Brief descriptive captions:

┌────────

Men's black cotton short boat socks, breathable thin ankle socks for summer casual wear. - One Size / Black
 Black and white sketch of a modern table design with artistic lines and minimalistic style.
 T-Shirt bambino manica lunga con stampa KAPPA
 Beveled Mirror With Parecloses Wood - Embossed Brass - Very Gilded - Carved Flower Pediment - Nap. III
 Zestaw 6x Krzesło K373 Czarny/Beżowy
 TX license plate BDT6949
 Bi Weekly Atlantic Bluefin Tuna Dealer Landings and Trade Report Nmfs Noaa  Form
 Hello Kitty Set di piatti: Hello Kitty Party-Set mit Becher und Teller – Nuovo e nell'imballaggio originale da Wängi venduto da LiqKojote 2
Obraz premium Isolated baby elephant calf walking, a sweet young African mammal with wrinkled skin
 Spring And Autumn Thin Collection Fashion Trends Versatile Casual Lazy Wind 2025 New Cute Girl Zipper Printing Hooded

└────────

> [Activity]: The records shown above must be returned in full, exactly as written.

> [The answer]:
Men's black cotton short boat socks, breathable thin ankle socks for summer casual wear. - One Size / Black
 Black and white sketch of a modern table design with artistic lines and minimalistic style.
 T-Shirt bambino manica lunga con stampa KAPPA
 Beveled Mirror With Parecloses Wood - Embossed Brass - Very Gilded - Carved Flower Pediment - Nap. III
 Zestaw 6x Krzesło K373 Czarny/Beżowy
 TX license plate BDT6949
 Bi Weekly Atlantic Bluefin Tuna Dealer Landings and Trade Report Nmfs Noaa  Form
 Hello Kitty Set di piatti: Hello Kitty Party-Set mit Becher und Teller – Nuovo e nell'imballaggio originale da Wängi venduto da LiqKojote 2
Obraz premium Isolated baby elephant calf walking, a sweet young African mammal with wrinkled skin
 Spring And Autumn Thin Collection Fashion Trends Versatile Casual Lazy Wind 2025 New Cute Girl Zipper Printing Hooded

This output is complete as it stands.